Target 1: The 4 Galilean Moons
The 4 Galilean Moons are Io, Europa, Ganymede, and Callisto (according to the closest from Jupiter to the furthest). These moons are even larger than Pluto so we can observe them.
They have been named the Galilean moons because the famous scientist and astronomer Galileo Galilei first observed them in 1610.
It takes the shortest time to orbit Jupiter. On the other hand, Callisto takes the longest time.
Here are the orbital periods of all the Galilean Moons:
- Io: 42 hours
- Europa: 3.5 days
- Ganymede: 7.2 days
- Callisto: 16.7 days
Observing the moon is similar to observing Jupiter itself. First, locate the moons and their position according to your geolocation with your favorite astronomy software.
With a good telescope and a darker sky, you can observe all of these moons.
Here’s what it looks like on Stellarium:
For observing transits and occultation of the moons, you can use an almanac. Here’s one you can use.
Target 2: Bands & Zones of Jupiter
Now that we have observed the 4 Galilean moons, it is time to look at the next big feature of Jupiter: its cloud bands.
The Jupiter surface has lines of divisions. They are of 2 types: darker and lighter. The darker ones are called bands, and the lighter ones are known as zones.
There are different zones and bands. However, all of them are not visible.
You may need to push the magnification further to spot the different bands and zones. It shouldn’t be a problem as Jupiter is itself HUGE.
If you don’t know yet, the smaller the eyepiece is, the greater the magnification will be. For example, a 10mm eyepiece will give you higher magnification than a 20mm eyepiece. So, don’t hesitate if you need to select a smaller eyepiece.
When changing eyepieces, it is essential to go gradually rather than jump. Do not go from 30mm to 9mm. If you use a 30mm eyepiece, shift to 20mm first, then 10mm, and continue gradually.
Don’t always go for higher magnification as it can cost image quality. There needs to be a balance between the magnification and the image quality.
Most smaller telescopes can’t handle too much magnification.
Target 3: The Great Red Spot
To observe the great red spot, first, we need to look at the disc of Jupiter.
Looking closely, you’ll see that it is not that spherical. The disc is fattier in the middle, more like a squashed ball. This is because of the very high spinning speed of the planet on its axis.
The Earth spins on its axis at a speed of 1000 MPH, which gives us a 24-hour day.
However, Jupiter spins at 28,000 MPH, which makes one rotation period on its axis only 9.5 hours long!
So, you can imagine how fast Jupiter rotates.
The thing is, with Jupiter, the Great Red Spot spins too at the same speed. It faces the Earth at least 2 times per earth day.

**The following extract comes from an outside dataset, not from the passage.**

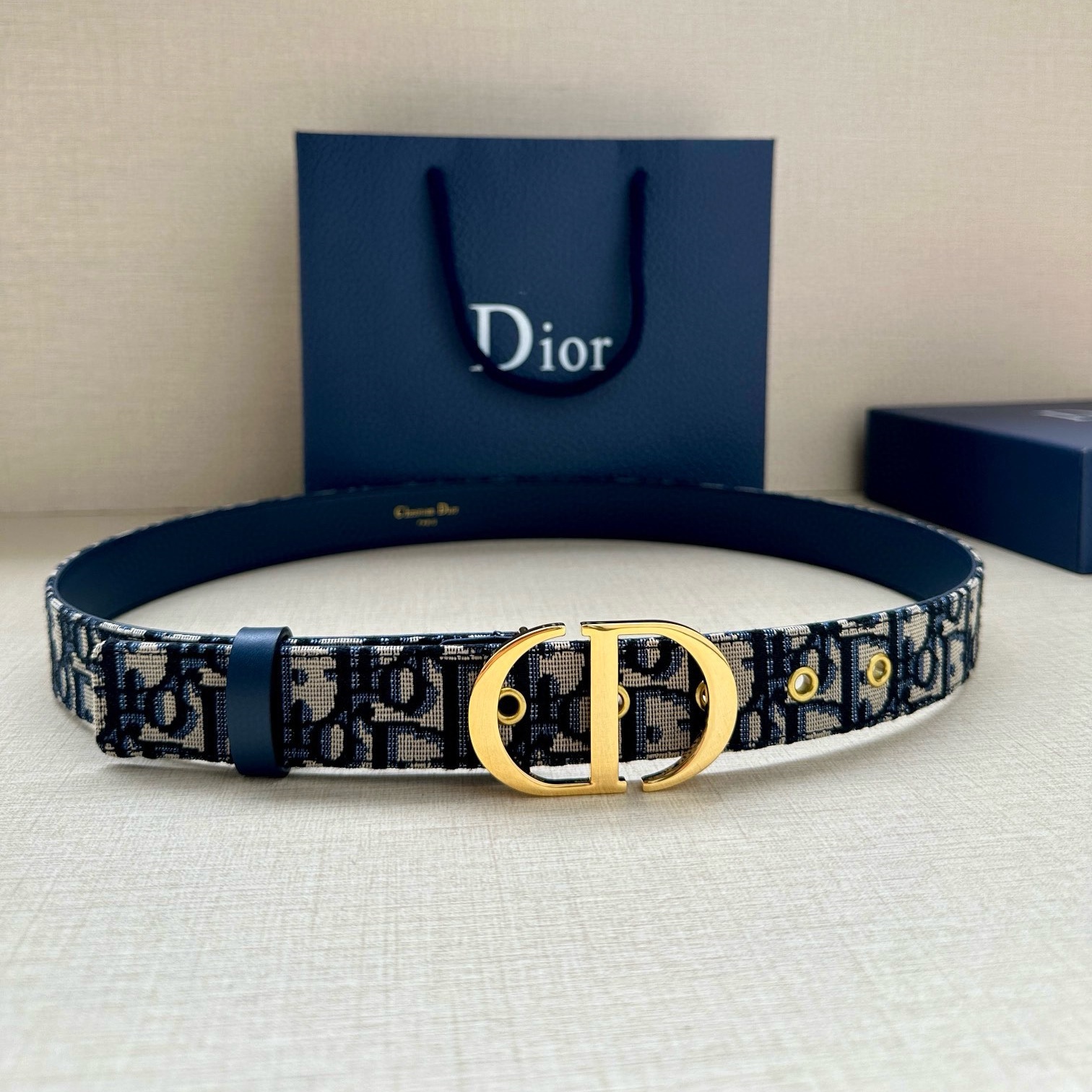 CD women's Saddle Belt 3.0cm  YV24052212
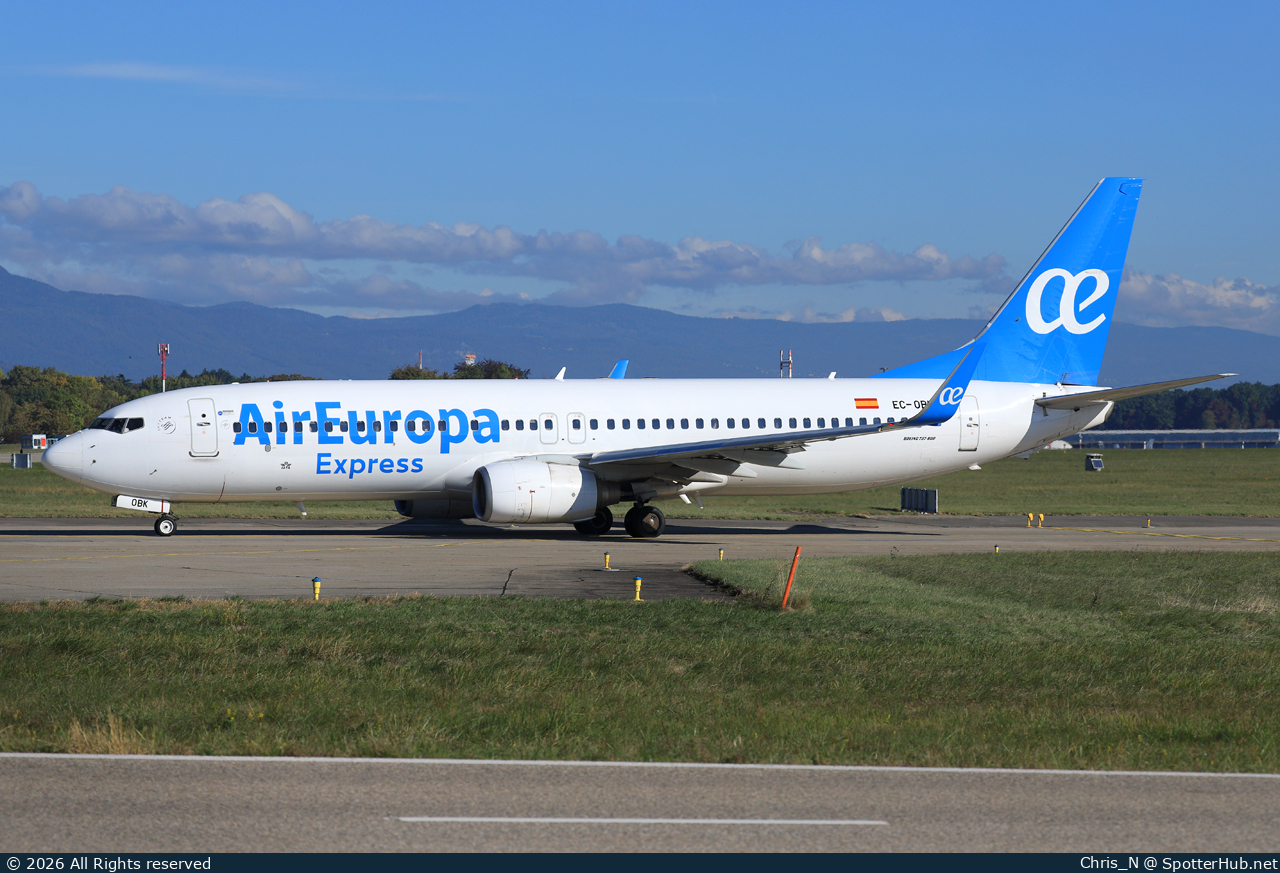 Photo of EC-OBK - Boeing 737-8GJ operated by Air Europa Express (opb Aeronova)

So, to observe it, all we need is the timings and, of course, a telescope capable enough to see it.
Most astronomy software like Sky Safari will provide you with the transit timings. So, it won’t be a problem to get that information.
Once you know the transit times, you need to have a telescope that is powerful enough to observe the red spot.
Though the Great Red Spot, a powerful raging storm on Jupiter’s surface, is double the size of the Earth, the distance still makes it quite hard to see.
To properly observe the Red Spot, you’ll need favorable conditions like a very dark sky. Also, the best time to observe the Great Red Spot is when Jupiter is in its opposition.
You’ll probably need to use 100x to 150x magnification too.
Also, you can use a green telescope filter to increase the odds of observing the spot.
Lastly, DON’T GIVE UP! Seeing the Great Red Spot is a challenge and requires much effort and expertise. Don’t expect to see it on the first try. Try again and again.
Hopefully, you can see the GIANT STORM soon!